---------- Information
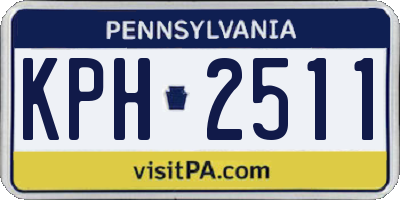 PA license plate KPH2511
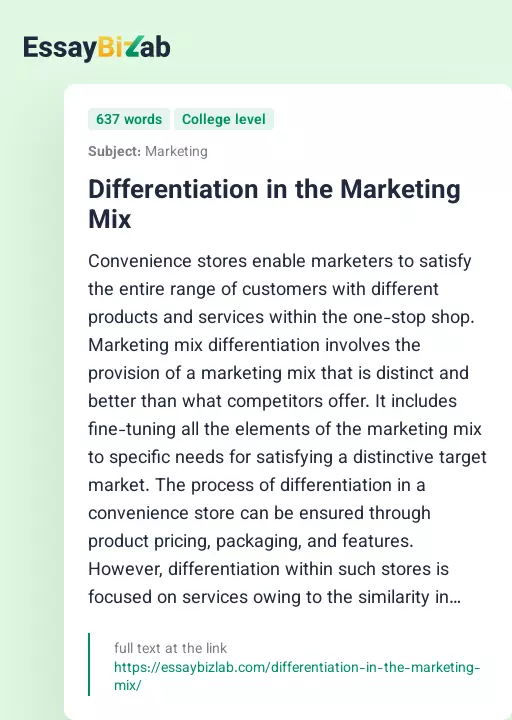 Differentiation in the Marketing Mix - Essay Preview
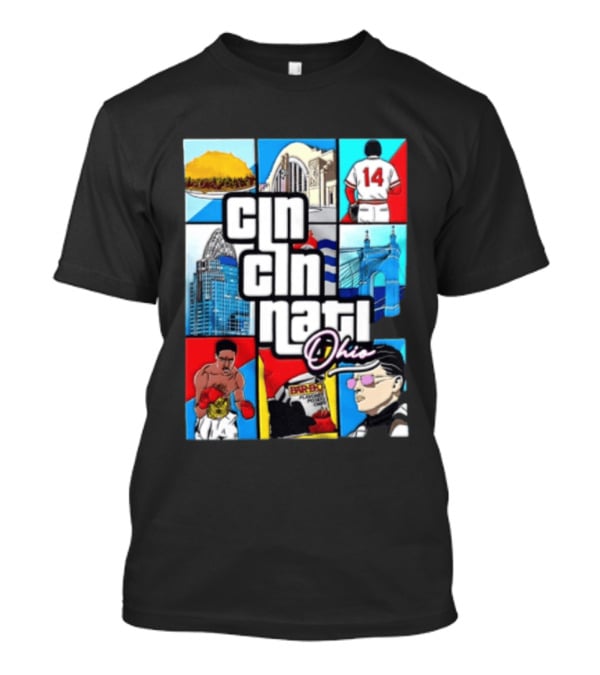 Cincinnati Ohio Landmarks GTA Style Tyler Henderson Alabama NCAA 14 T-Shirt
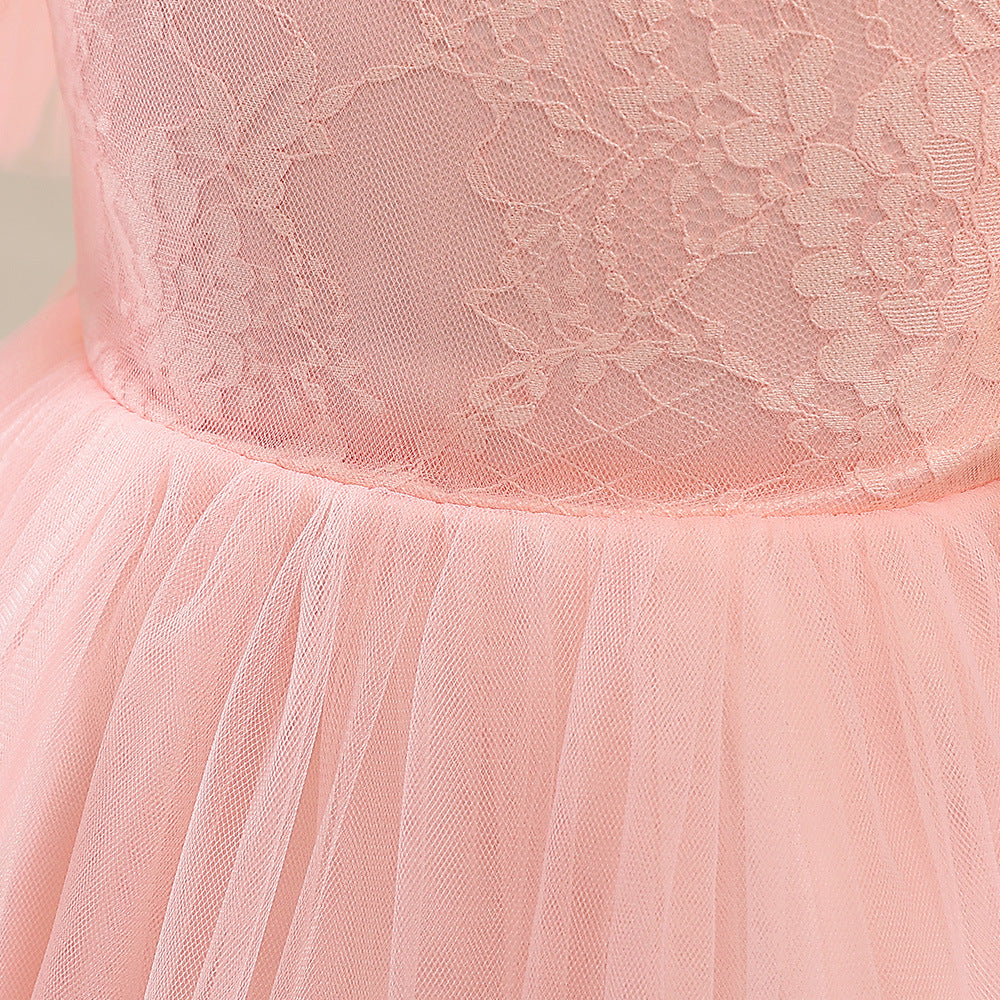 Girls' Lace Stitching Umbrella Princess Dress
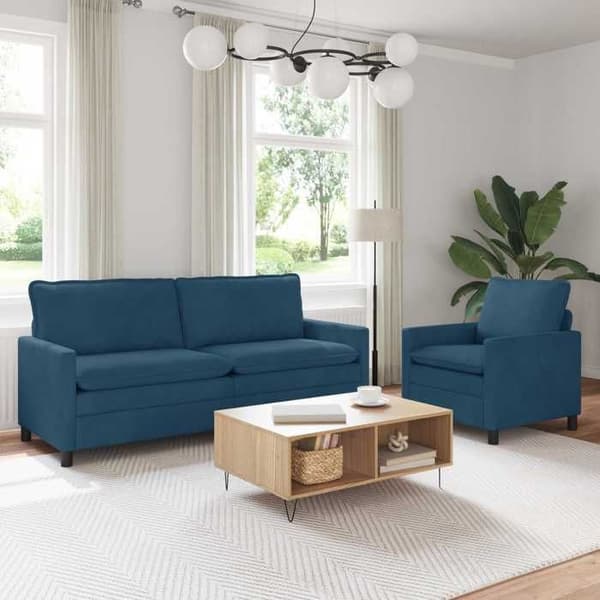 Maison Exclusive - Sæt af 2 Sofaer Blå Velour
--------------------
[Exercise brief] When you reach a picture, pass over it; write out all other material exactly.

[Problem solution]
 PA license plate KPH2511
 Differentiation in the Marketing Mix - Essay Preview
 Cincinnati Ohio Landmarks GTA Style Tyler Henderson Alabama NCAA 14 T-Shirt
 Girls' Lace Stitching Umbrella Princess Dress
 Maison Exclusive - Sæt af 2 Sofaer Blå Velour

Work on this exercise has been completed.